To do -
After finding the line with "Chaise pivotante de bureau marron tissu" in the entries below, copy that line and each one after it exactly, through the last line, and omit pictures.

Source information -
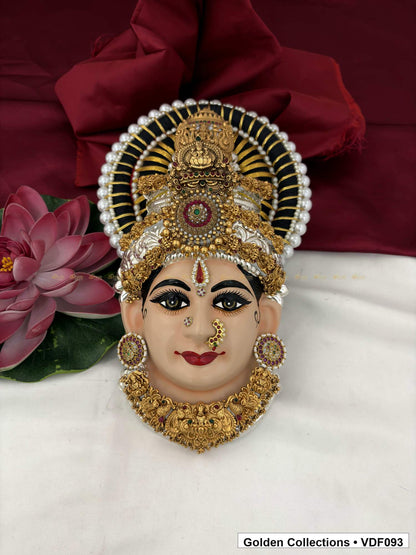 Varalakshmi Tanjore Face with Red Circular Crown Detail and Temple Necklace full front view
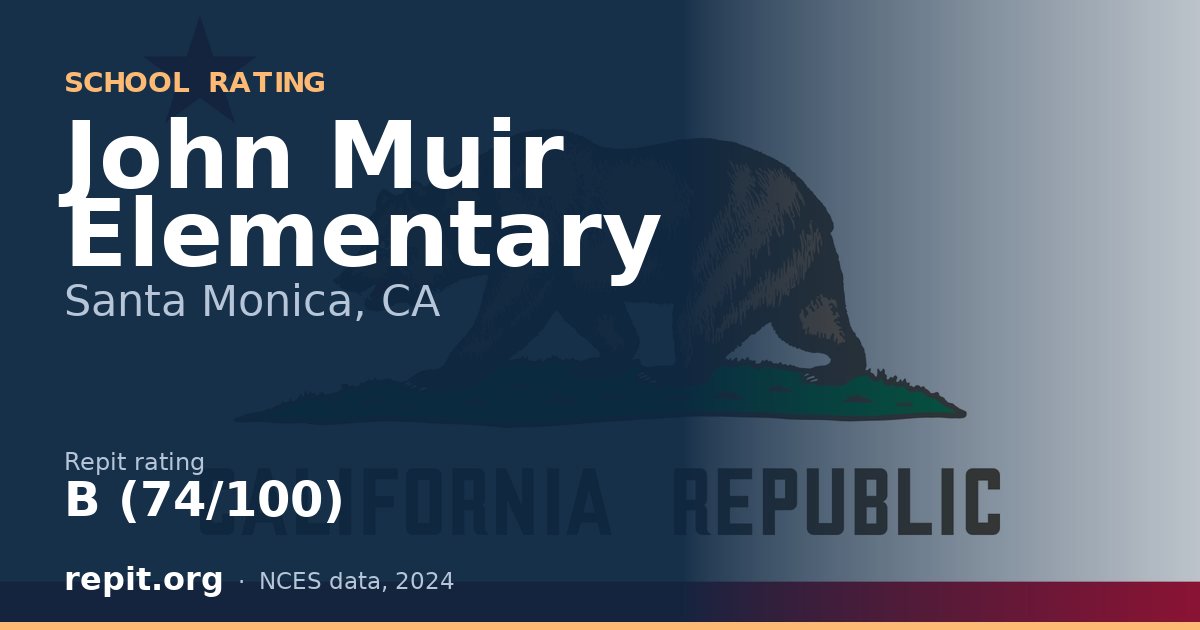John Muir Elementary, Santa Monica, CA — Repit school rating B (74/100)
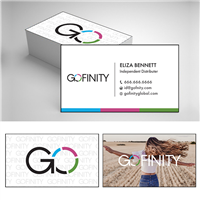 GOFINITY Color Bar Business Card with Contact Icons 2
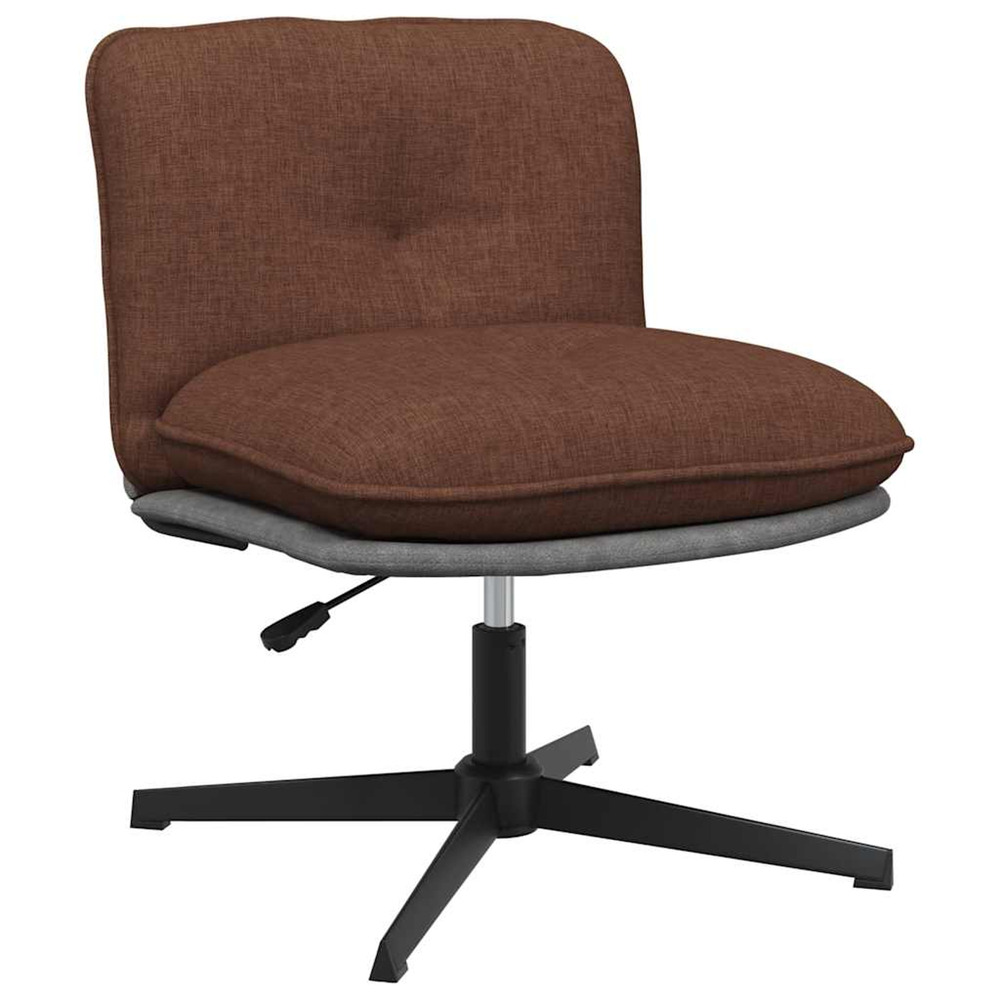 Chaise pivotante de bureau marron tissu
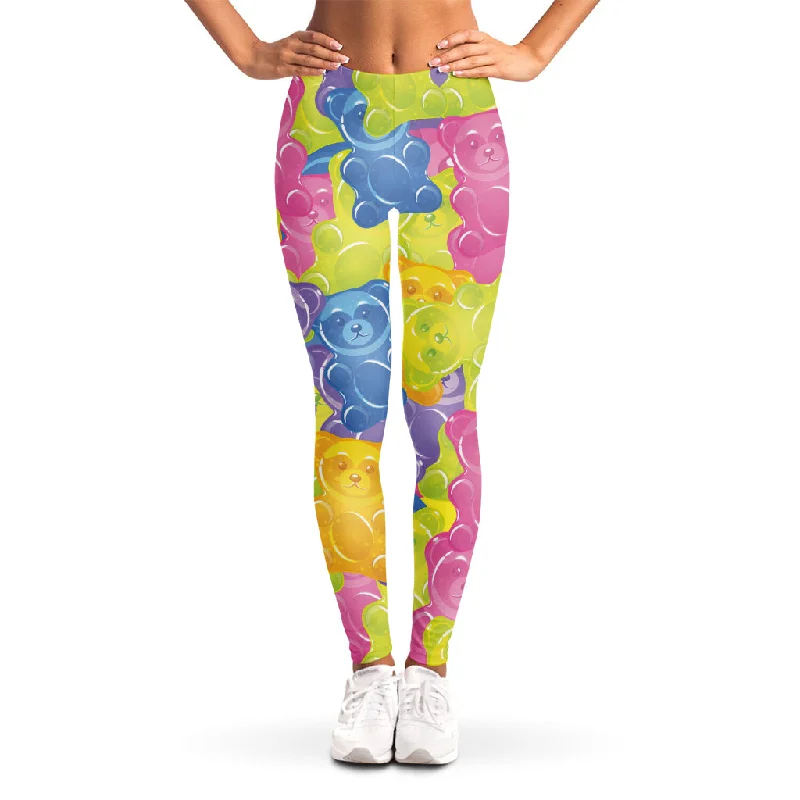 Colorful Gummy Bear Print Women's Leggings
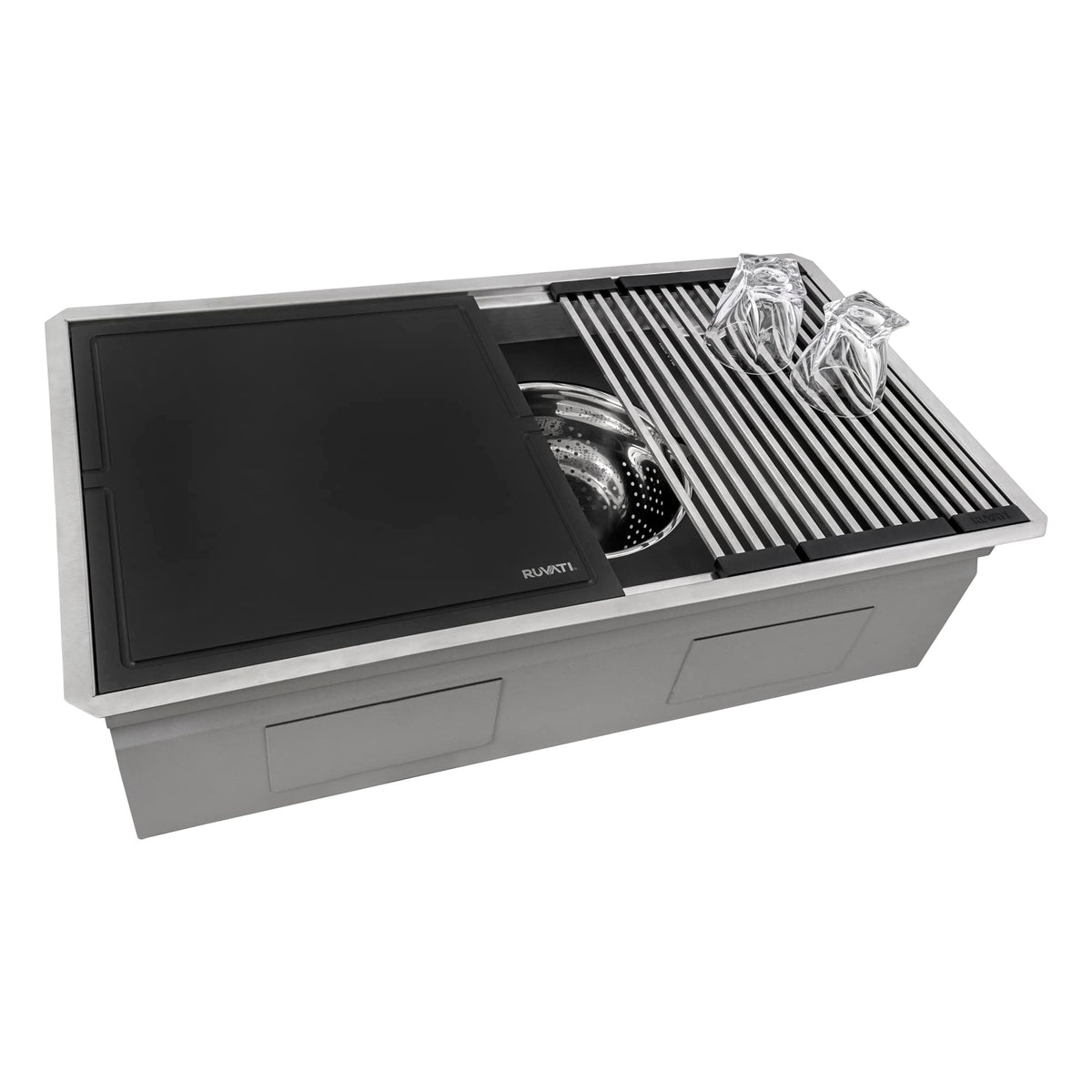 Ruvati 33-Inch Workstation Two-Tiered Ledge Kitchen Sink Undermount 16 Gauge Stainless Steel With Black Composite Accessories -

Exercise response -
 Chaise pivotante de bureau marron tissu
 Colorful Gummy Bear Print Women's Leggings
 Ruvati 33-Inch Workstation Two-Tiered Ledge Kitchen Sink Undermount 16 Gauge Stainless Steel With Black Composite Accessories -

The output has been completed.